Thomism is a philosophical system based on the works of St. Thomas Aquinas, a monk from the 13th century who wrote several thousand pages of reasoning including Summa Theologica. The philosophy is the only philosophy taught officially in the Catholic church’s seminaries and whatnot. The university I went to was apparently a hotbed of Thomism in the 1950s, or so I heard, but it did teach other systems of thought to its students. Including Existentialism. At any rate, this book looks like it’s still in print 55 years later, and that’s probably mostly because of its role in teaching Existentialism to bishops and Jesuits. But it could partly be because it’s fairly accessible.
This book is short (88 pages) and collects five separate essays that target some places where Existentialism is systemized. The essays include:
- “Some Aspects of Freedom in Sartre’s Existentialism” which talks about Sartre’s view of human existence and its freedom to be for itself.
- “Gabriel Marcel’s Ontology of Love” which talks about Marcel’s take on the interconnectedness of human experience. Let’s be honest: whenever the phrase ontology of love appeared, I heard it in Barry White’s voice.
- “Mood and Cognition in Heidegger and Sartre” which discusses the importance of mood and emotion as the starting point for cognition in Heidegger and Sartre and how little beyond those base and concrete elements the Existentialists could move.
- “Husserl and the Rise of Continental Existentialism” which talks about Husserl’s theories and how they coincide and conflict with the Existentialist mindset: namely, the importance of phenomenonism and its importance, but how Husserl’s “reductions” of the phenomena would be rejected because they abstract the phenomena away from the subject perceiving them.

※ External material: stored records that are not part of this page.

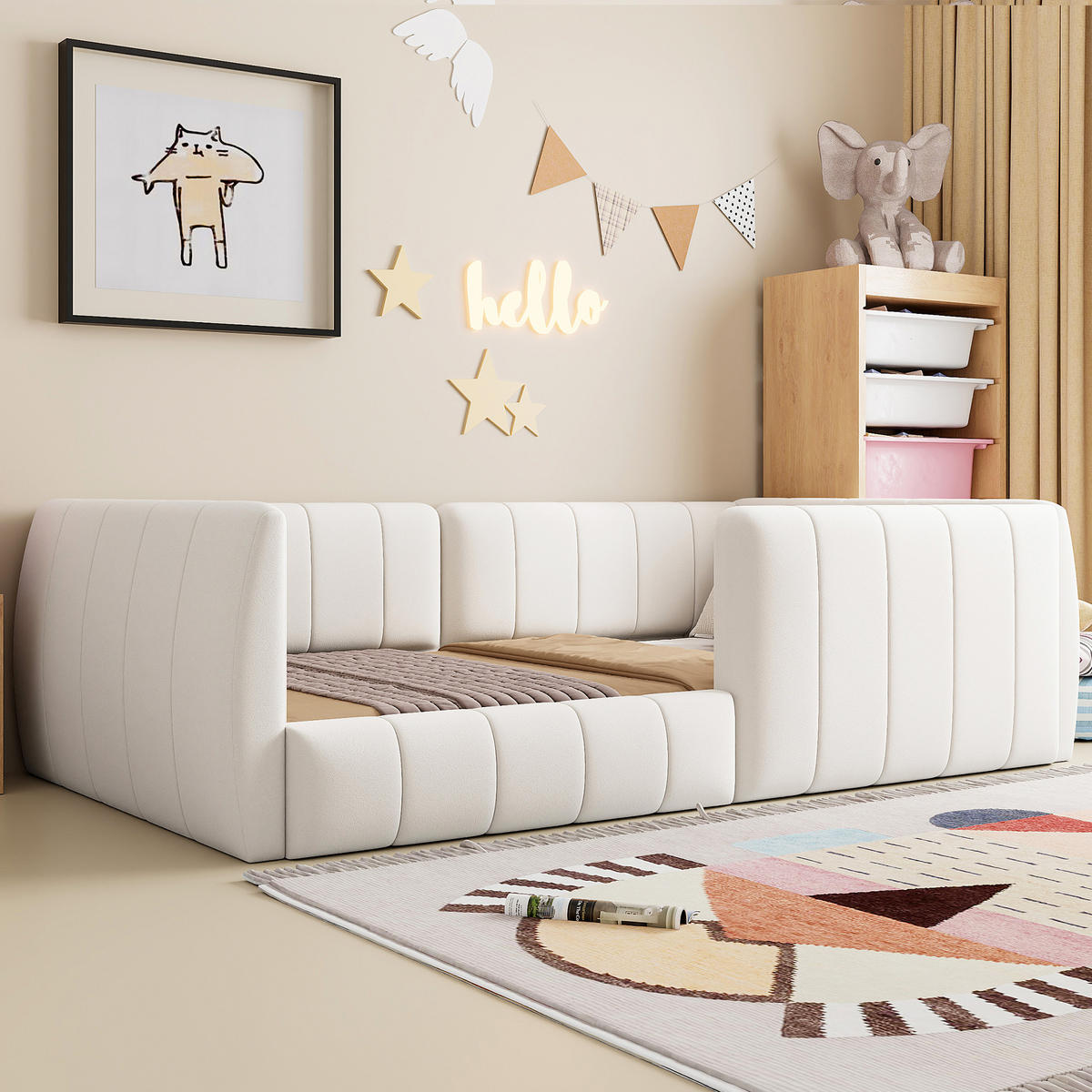 POLSTERBETT 90/200 cm in Beige mit Sicherheitsgitter - Beige, Holzwerkstoff/Textil (90/200cm) - WISHDOR
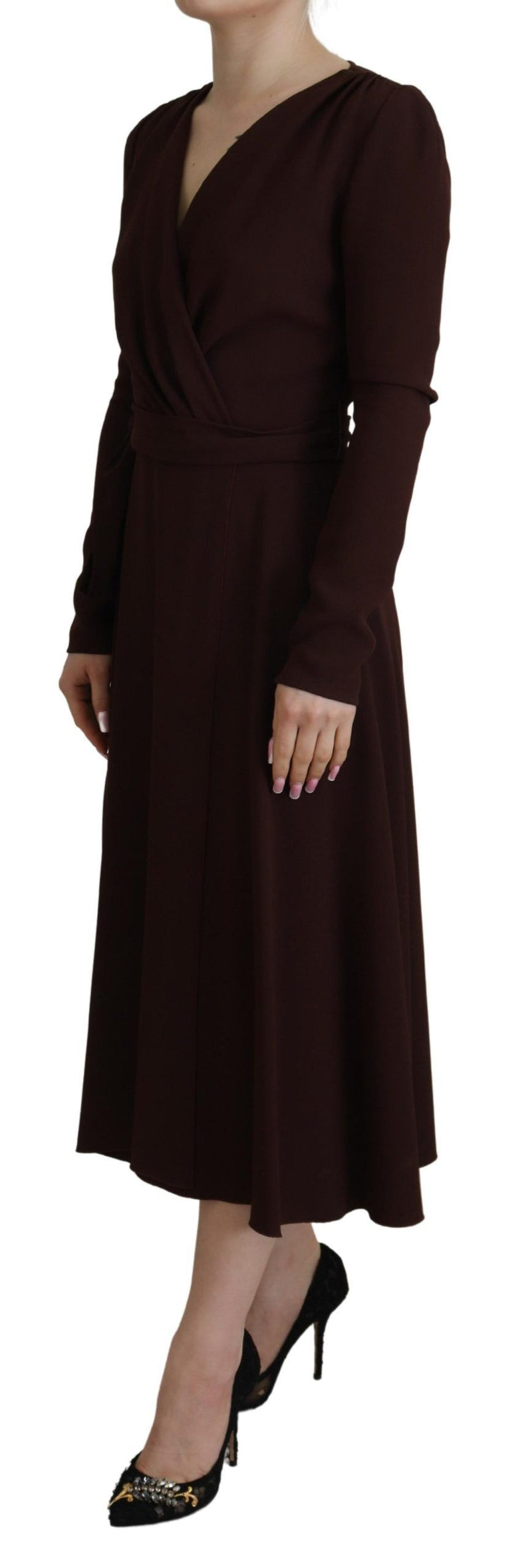 Elegant Brown Long Sleeve Wrap Dress Dolce & Gabbana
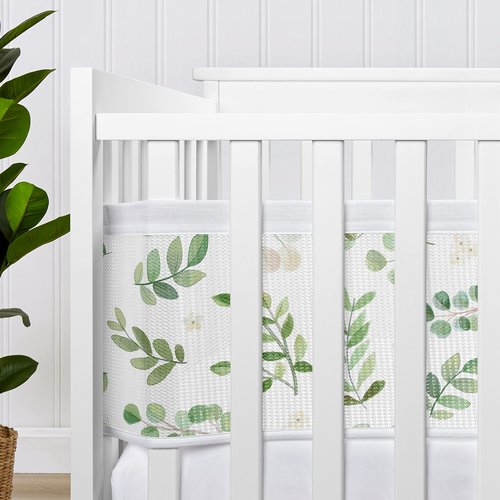 Sweet Jojo Designs + BreathableBaby 2-Piece Breathable Mesh Crib Liner Set (Green Boho Floral Leaf) for Boys/Girls, Baby, Infants/Newborn Nursery (Sage, Bohemian, Watercolor, Botanical, Woodland)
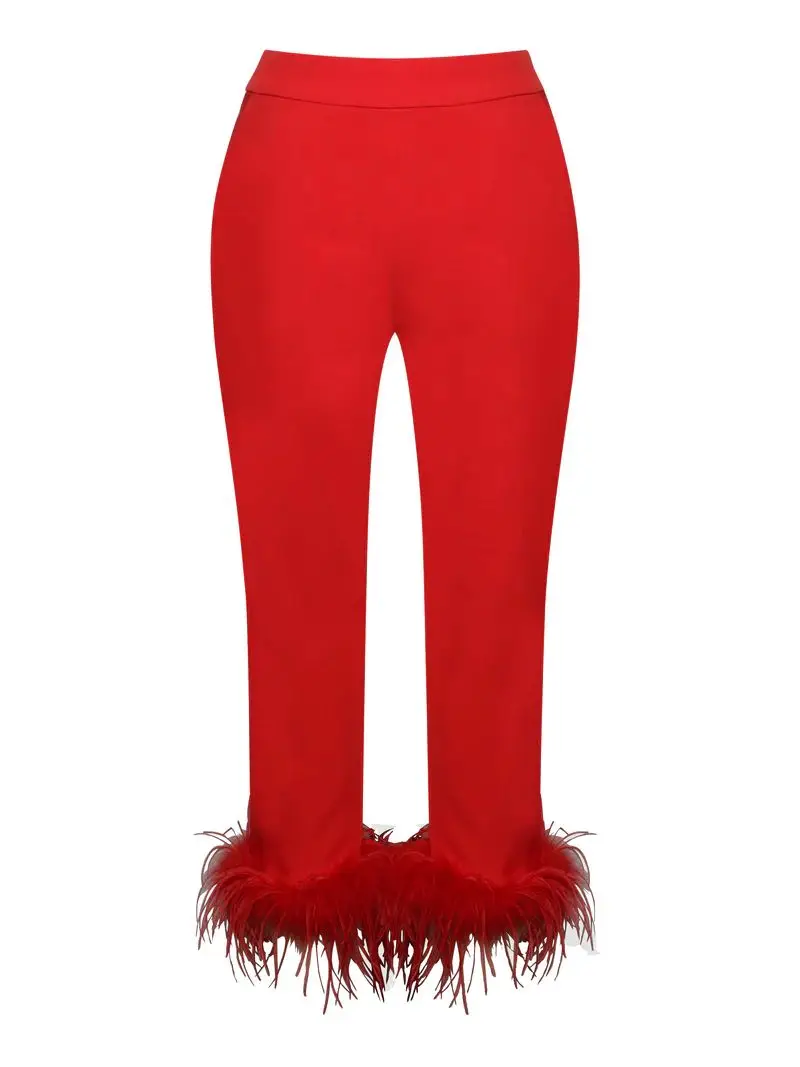 SR2231 New Fashion Clothes For Women Luxury Two Pieces Set With Feather Sexy Two Piece Set Club Wear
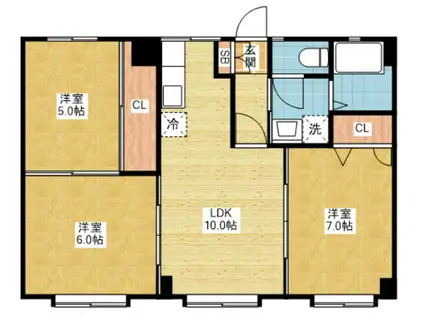 橦木ビル(3LDK/2階)の間取り写真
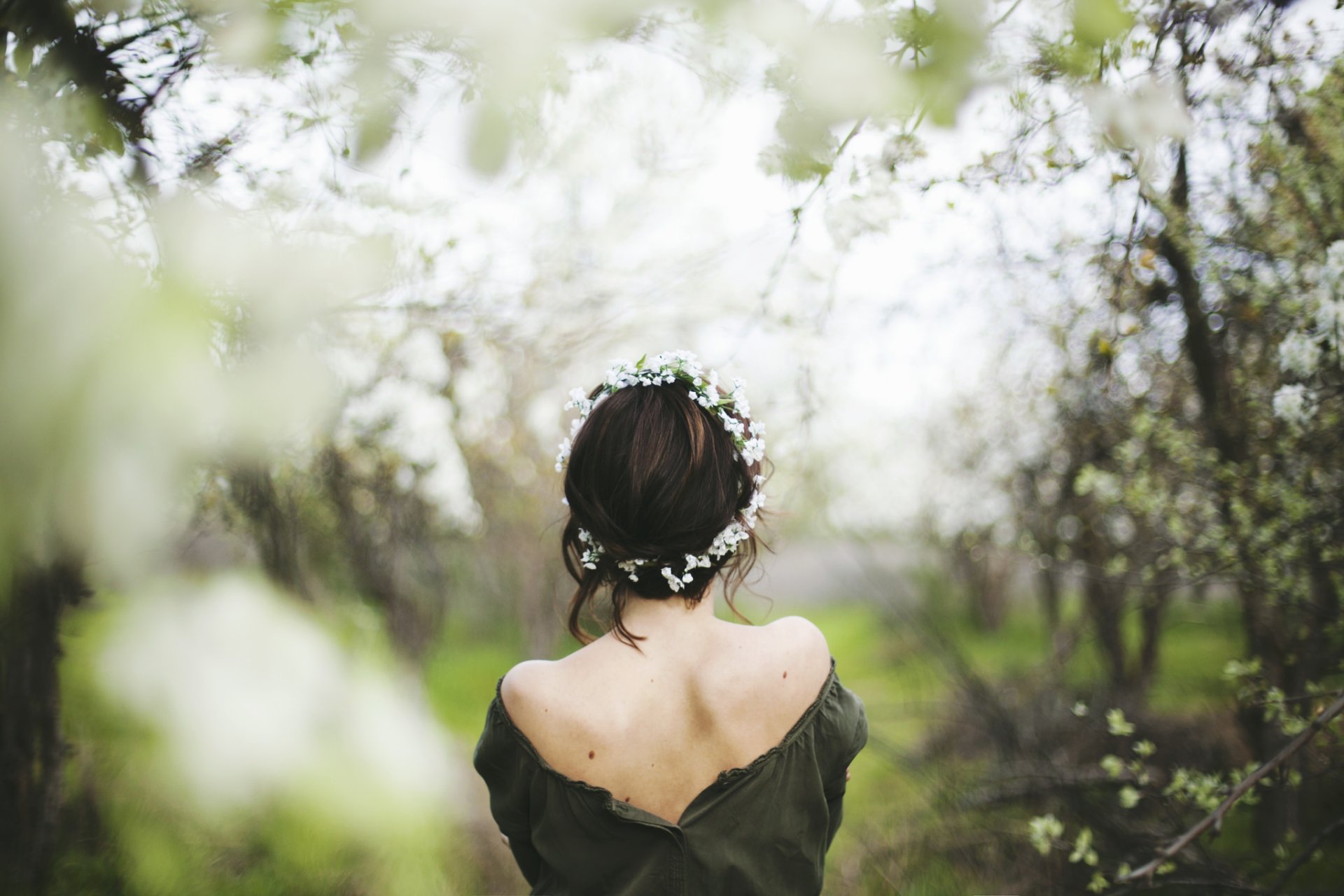 Download White Flower Flower Bokeh Brunette Mood Woman Rear HD Wallpaper by Whitney Justesen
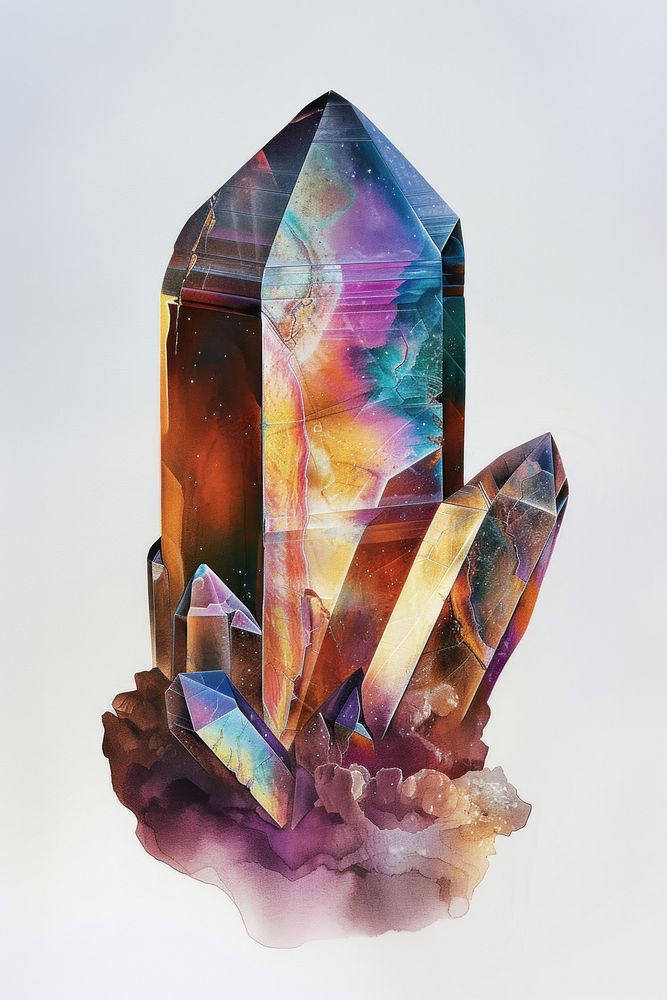 Iridescent crystal gemstone mineral jewelry.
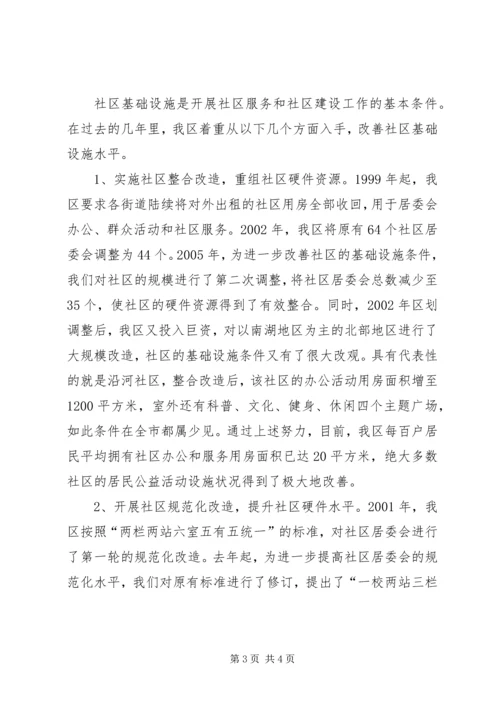 在市民政局专题调研我区社区服务工作时的汇报 (7).docx
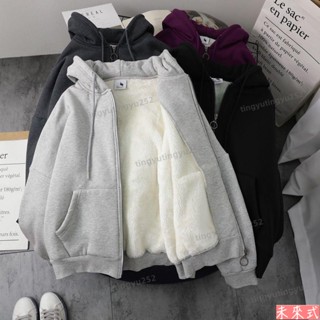 ⭐【新品特惠】法蘭絨衛衣女 新款寬松加大碼韓版連帽加絨加厚拉鏈外套潮ins秋冬季 秋冬 百搭 針織 寬鬆 素色 毛衣外5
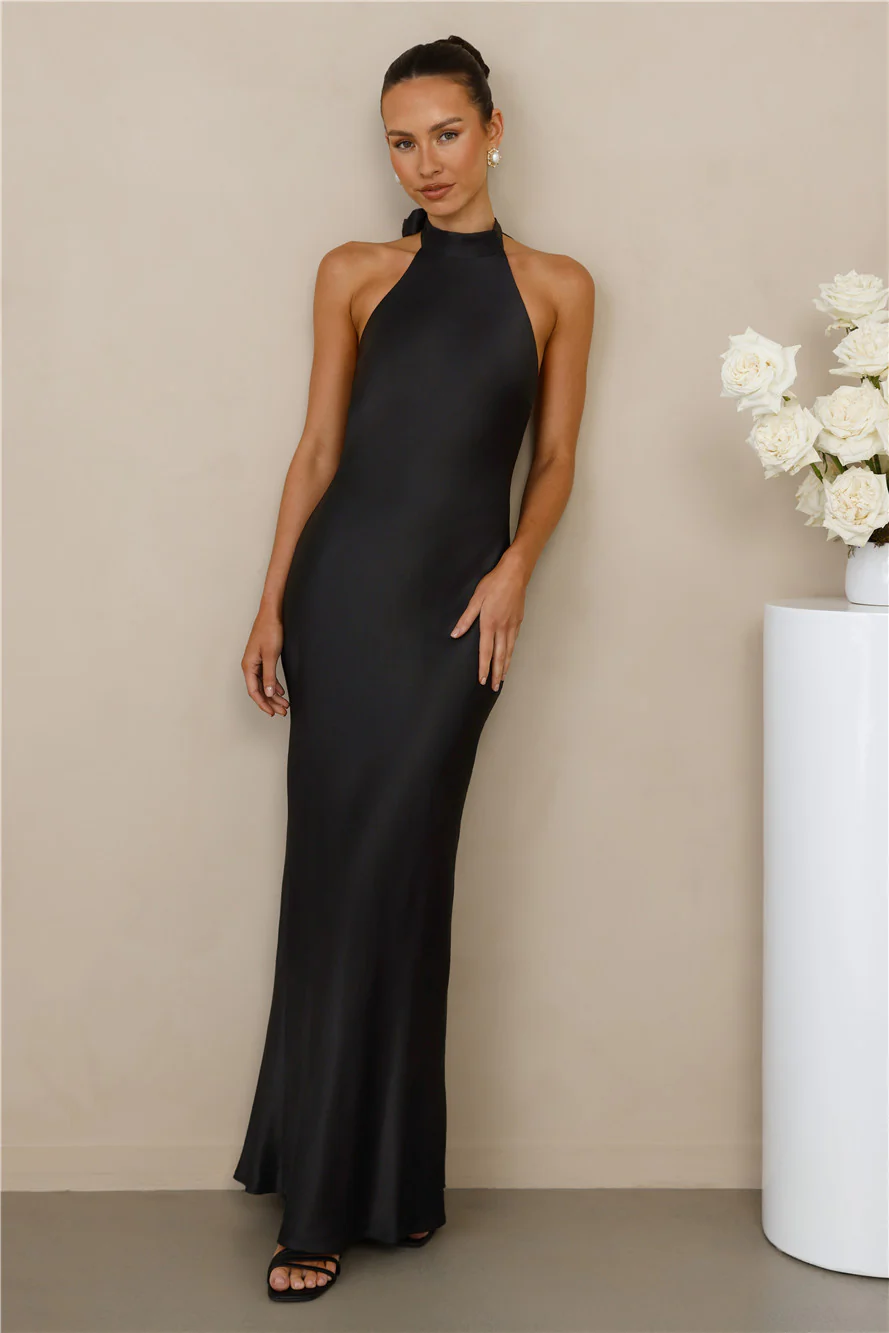 The Cleo Halter Satin Maxi Dress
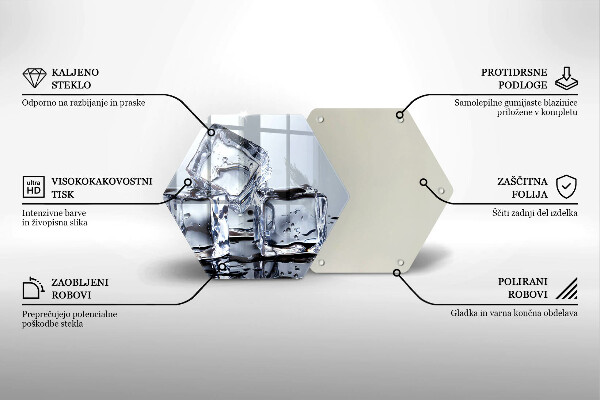 Kuchynská doska veľká zo skla Kocky ľadu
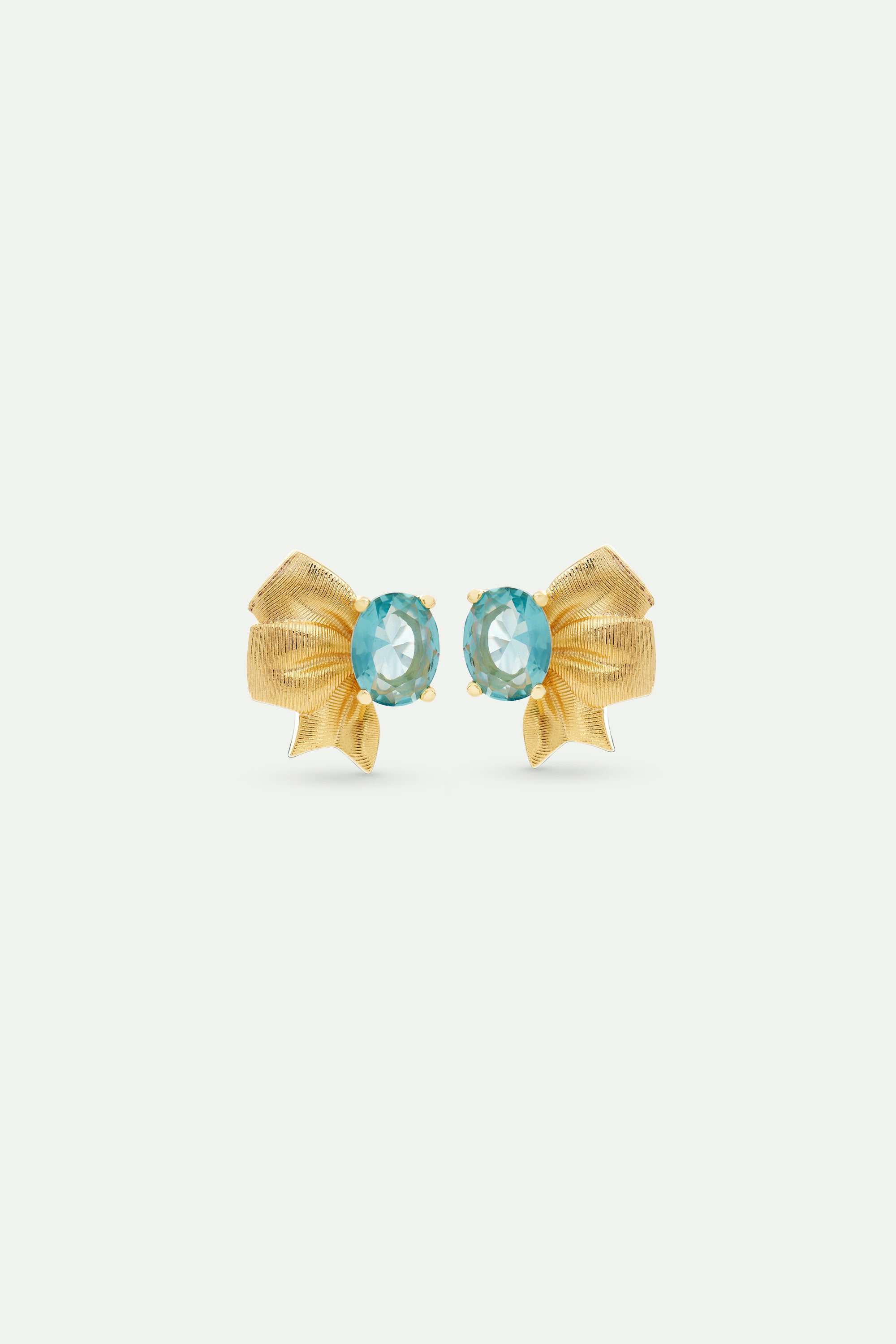 Boucles d'oreilles ruban doré et pierre taillée bleue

- “Thomism and the Challenge of Existentialism” is the heart of the criticism, and it explores a bit how Existentialism rebels against philosophical systems that focus on the abstract and the reasoned over the experience and subjective nature of cognition itself. It claims that Existentialism is essentially (see what I did there?) fighting a straw man, as so many other philosophical systems including the perfect Thomism derive those abstractions by reasoning from individual experience and perception and by balancing intellect with the emotions. It puts the finger on why I’ve only considered myself an Existentialist in bad moods: it really doesn’t go beyond the subjective in creating or describing reality and can’t because if it does, it threatens the subjectivism that’s very important to it.
- “Existentialism in The Outsider“, the last chapter, seems a bit like an add-on. It takes to task an Existentialist novel by a British writer; you’re forgiven if you thought it was about The Stranger which appeared in Britain as The Outsider. Side note: This essay originally appeared in RENASCENCE, a Thomist publication at Marquette University, that hotbed of Thomism in the 1950s. At any rate, the essay rails a bit about this novel and its weak underpinings and defense of the Beatniks, those kids with their “eccentric dress and wild demeanor”. Given that novels obscurity, I have to wonder if this chapter made it into later editions.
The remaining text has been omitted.